The Japanese are no less concerned about offending the visitor's eyes and his sense of direction. The unsightly billboards that deface the views along railway lines and many key roads will be removed under the terms of a bill to be introduced soon in the Diet. Other legislation will attempt to head off commercialization of the Games so that they will be "a pure athletic festival." The authorities also plan to name the important streets and to post signs. As things now stand, foreigners in Tokyo must grope their way around town by looking for weather-beaten wooden arrows erected years ago by the occupation forces when they made a stab at sorting out the main streets by letters and numbers.

How to pay?

How to raise some of the direct Olympic costs has been a subject of continuing controversy in Tokyo. Governor Azuma came back from Rome advocating a baseball lottery on the order of Italy's Totocalcio. The pres and many sportsmen savagely denoun ed the proposal for fear that professional baseball as well as the Olympics would be tainted with gambling. It hasn't been heard about since. Instead, the money raisers plan to produce special horse races, sell New Year's and Olympic postcards and go after the average man's small change through stamp and cigarette sales.

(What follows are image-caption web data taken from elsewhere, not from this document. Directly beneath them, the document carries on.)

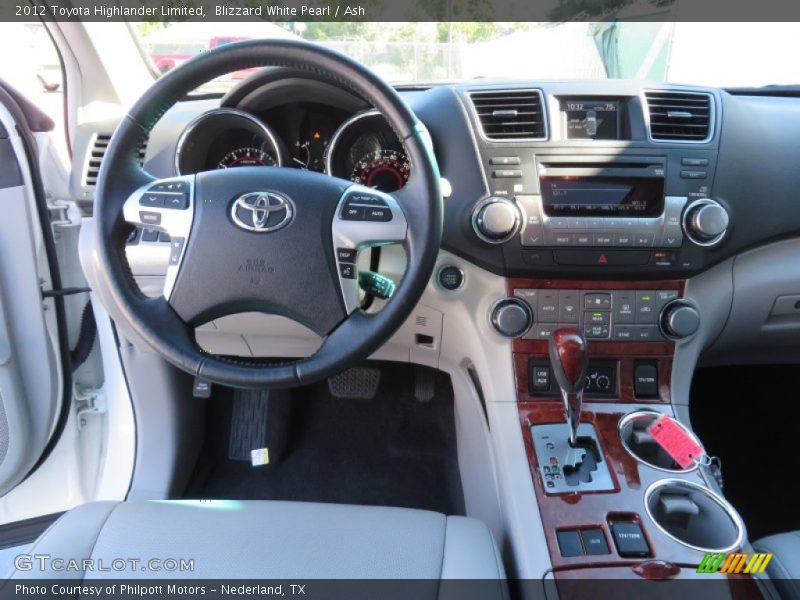 Blizzard White Pearl / Ash 2012 Toyota Highlander Limited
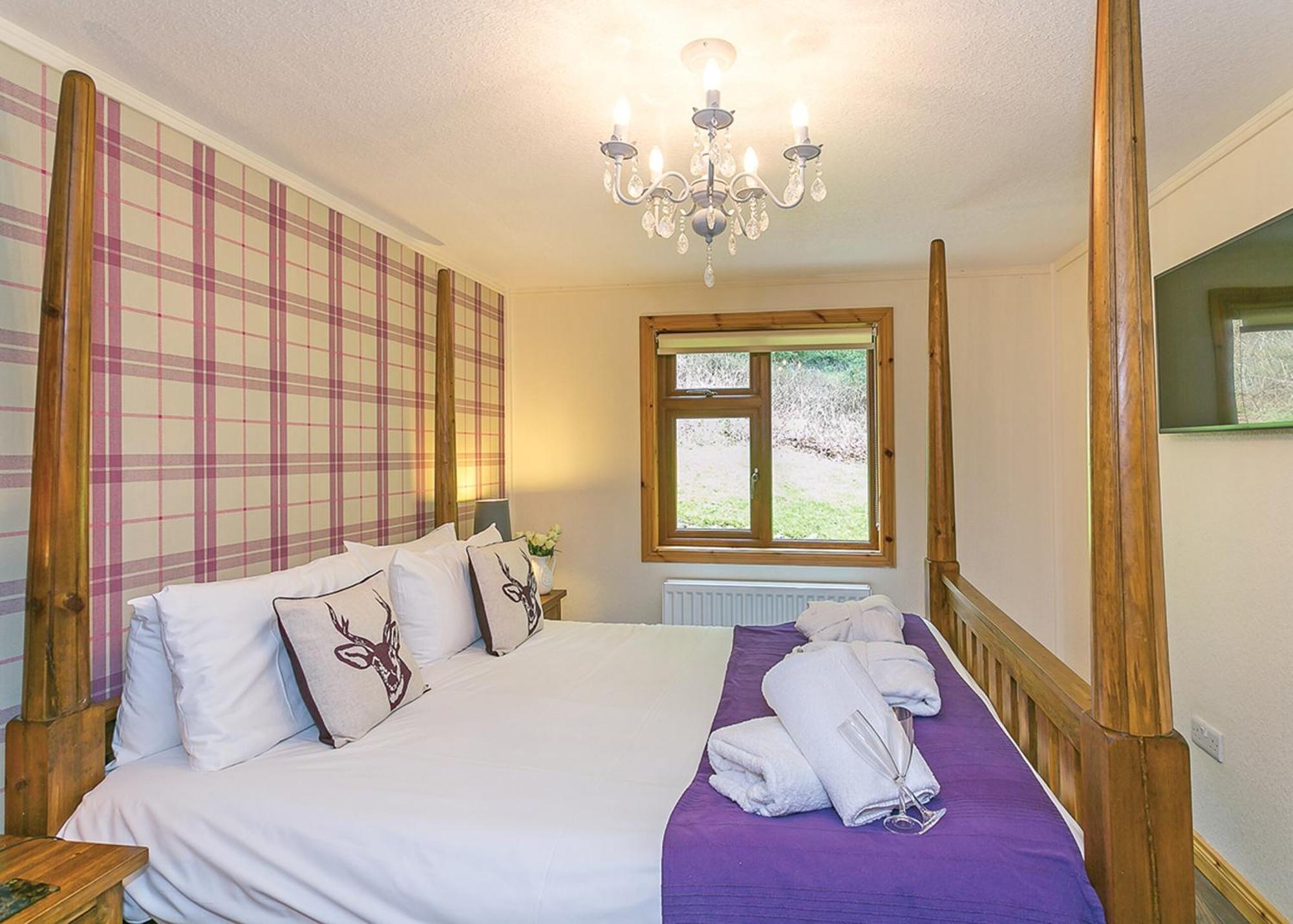 Charlesworth Lodges Glossop Rum bild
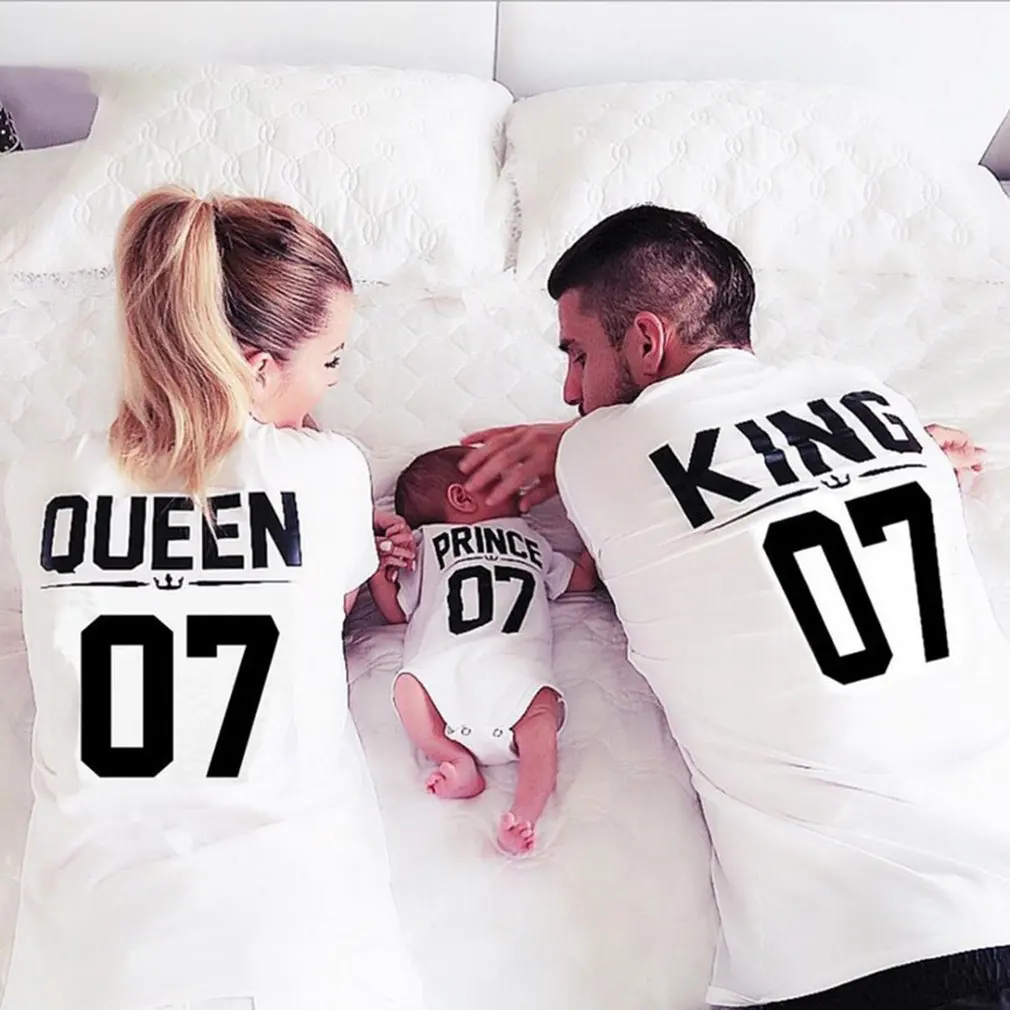 Летние одинаковые комплекты для семьи футболки мамы папы и ребенка одежда всей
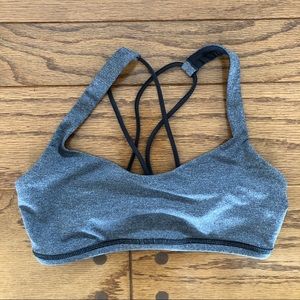 Lululemon Free to Be Bra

Still to be decided by the planners are the exact dates of the Games, what sports to include on the program and how the Olympic torch will be brought to Tokyo. The vagaries of Japanese weather are creating real trouble over the selection of a date. Late May or early June, when Japanese weather is near perfect, leaves most of the world's athletes with too little time to complete their university schedules and work in a few weeks of practice. Midsummer is far too hot and humid for athletic comfort and early autumn is the typhoon season. Compromising, the Japanese have approved a two-week period in October, and this is the proposal they will make at the next meeting of the International Olympic Committee this June in Athens.

The IOC prescribes that a host city must provide facilities for at least 15 of the 21 sports recognized by it. Japan originally said it would be happy to put on all 21 events, and in Rome last year succeeded in adding still another: judo. But the list may be cut to 18 or 20. Japan wants to keep judo and is anxious to include volleyball and soccer, which are popular in Asian countries. "I'm afraid we don't have much interest in canoeing," one spokesman for the organizing committee confided. The Japanese seem coolest of all to the modern pentathlon, but they can expect militant opposition on this score at Athens.

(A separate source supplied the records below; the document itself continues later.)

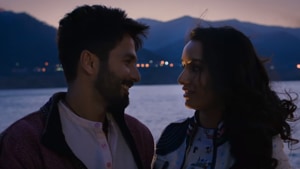 Batti Gul Meter Chalu review: Shahid Kapoor and Shraddha Kapoor’s muddled romabce leads to a courtroom drama.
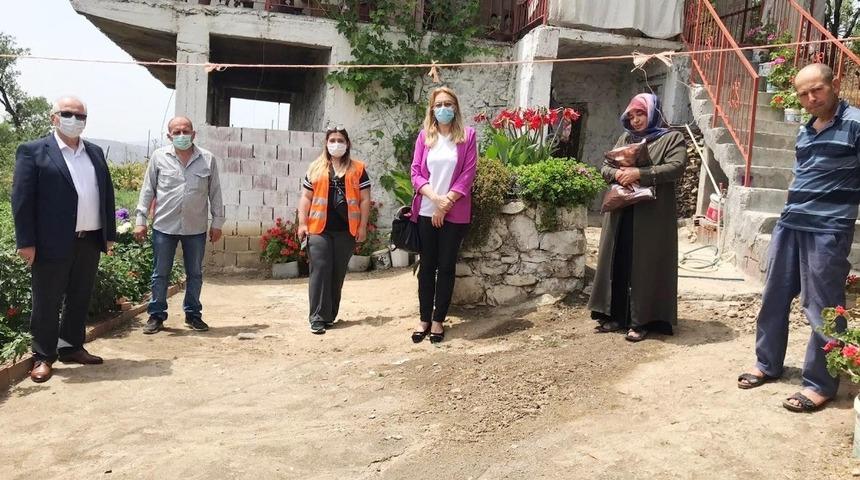 Burhaniye’de Ak Partililer geçmiş olsun ziyaretinde bulundu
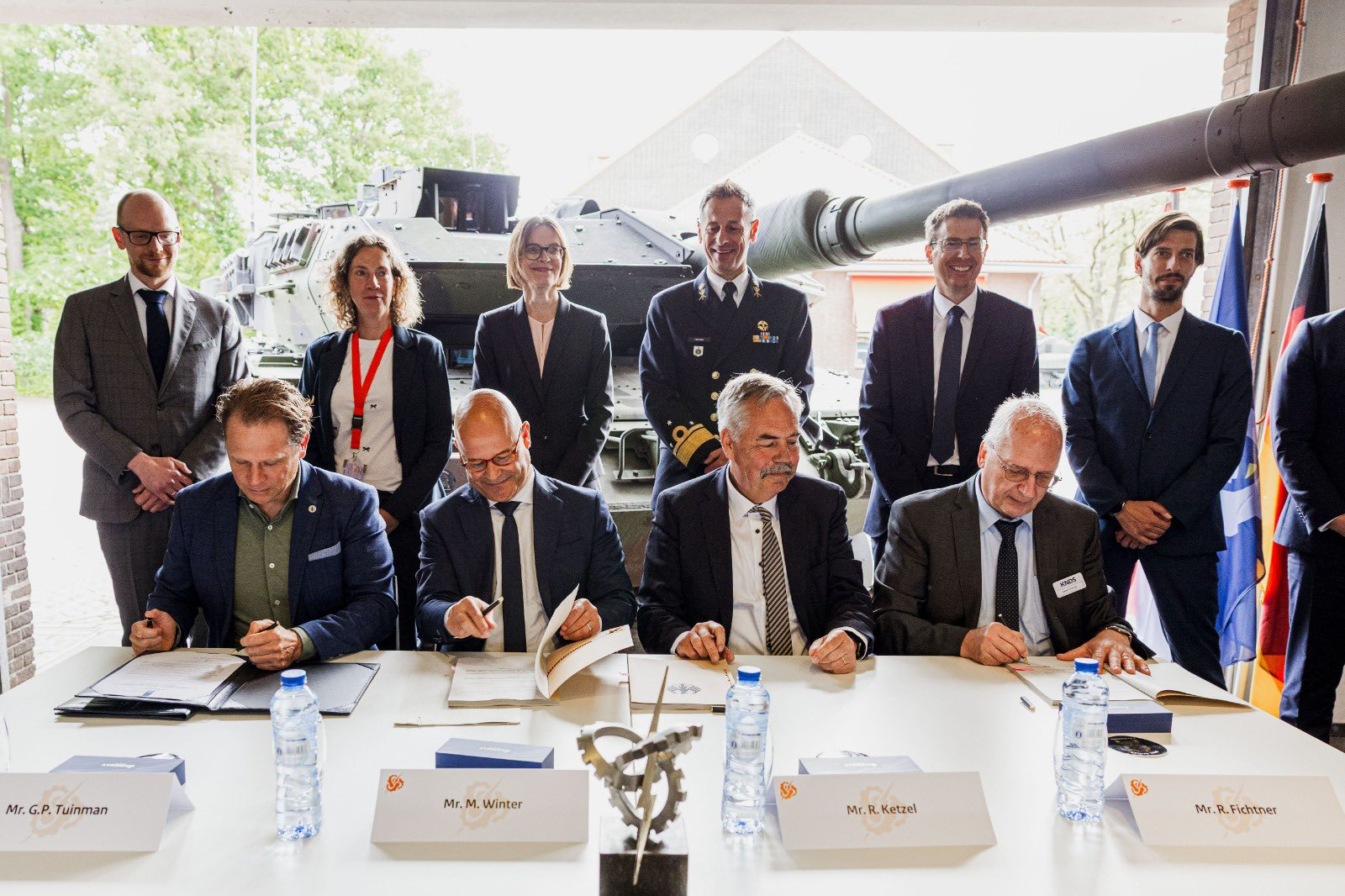 烽火问鼎计划  荷兰🇳🇱采购46辆“豹”2A8型主战坦克的合同签署✍️Sou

An elderly, silver-haired ballet choreographer named Michio Ito has been placed in charge of the opening-and closing-day ceremonies. His most fanciful plan, unfortunately, is running afoul of cold war politics. Ito, who see; no romance at all in bringing the Olympic torch from Athens to Tokyo via airplane, wants it carried instead by relay runners over Central Asia's famous Silk Road. This is the route the Khans' Mongolian hordes traveled when they invaded Europe and Marco Polo used when he trekked from Venice to Peking.

The trouble with the Silk Road is that it goes across a great swatch of Red China, and that involves the annual struggle for Olympic recognition between the Communist and Nationalist Chinese. Presumably Red China would be more than willing to accommodate the Japanese if the IOC would only drop Formosa from Olympic membership.

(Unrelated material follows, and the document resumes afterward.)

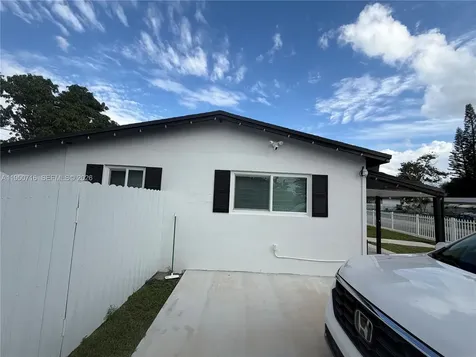 1011 NE 212th Terrace Miami FL 33179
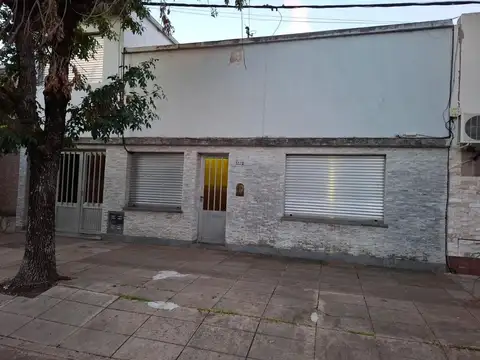 Santiago Derqui 1700 - Sargento Cabral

With three years to go, the Japanese have not given up hope that the Silk Road, which will be 7,000 miles long and take a year to cover, will become a reality. But whether the torch comes by air or across the China Sea, runners will take it the last few miles through Tokyo to the Olympic stadium. There was a time when some thought the very last runner should be a hurdler fully able to bound from rooftop to rooftop across a sea of floundering traffic. The Japanese plans have ended that kind of talk.






Tokyo Gymnasium, seating 5,290, is Japan's largest and best indoor arena. Completed in 1955, it has been used for basketball, wrestling, will house gymnastics in 1964. Building has communal bathtub for 20, steam bath for 10. Round balconies are for press, spotlights.